The first bottles of the product, simply named Ya Dong, hit the Atlanta market in late 2019. Though some of the aromas and tasting notes overlap, drunk side by side with Eleven Tigers, Sandifer’s Ya Dong is much more subtle, and he says it’s well suited for gin applications (think: ya dong Martinis), along with Daiquiris and “killer” rum tonics.
Right now, he and Kaufman can only distribute the spirit in Georgia, but they hope to expand their reach after Covid-19 subsidies and bar business (hopefully) returns to normal.
“We’ve had a couple of Thai restaurants pick it up, but the hardest sell has been the Thai community, I think because it has this lower-class connotation,” Sandifer says. “But ya dong has history. The recipe comes from a Thai grandfather, and it’s not made with a garbage spirit.”

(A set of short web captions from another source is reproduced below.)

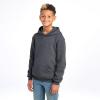 Russell Athletic Youth Dri-Power Fleece Hoodies, Moisture Wicking, Sizes S-XL(Black Heather)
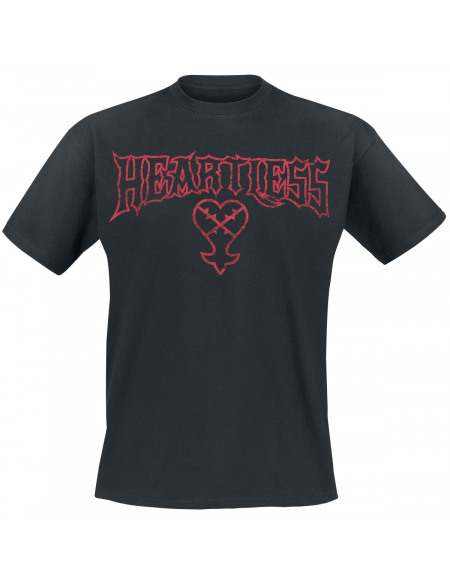 Kingdom Hearts Sans-Cœur T-shirt noir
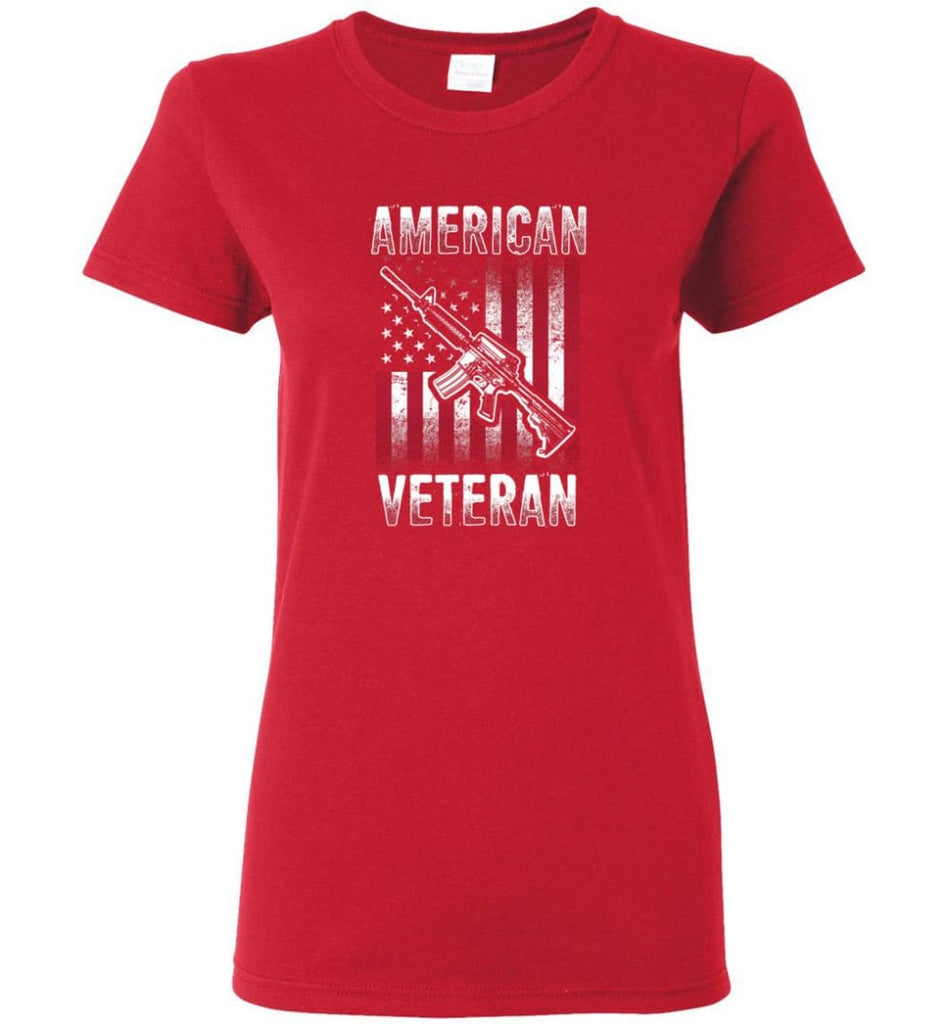 American Veteran Shirt Women Tee - Red / M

For Boonnak, sharing ya dong means connecting guests with his rural roots — even if that means including sexually explicit language on his bar menu. “It’s about the culture for me. In Thailand, we have all these herbs and ingredients, and we need to become more famous for them — in the same way that European countries and even China celebrate their food and drinks,” he says. “The Thai government is focused on making ya dong illegal instead of telling its story. Ya dong isn’t cool in Thailand. But it should be.”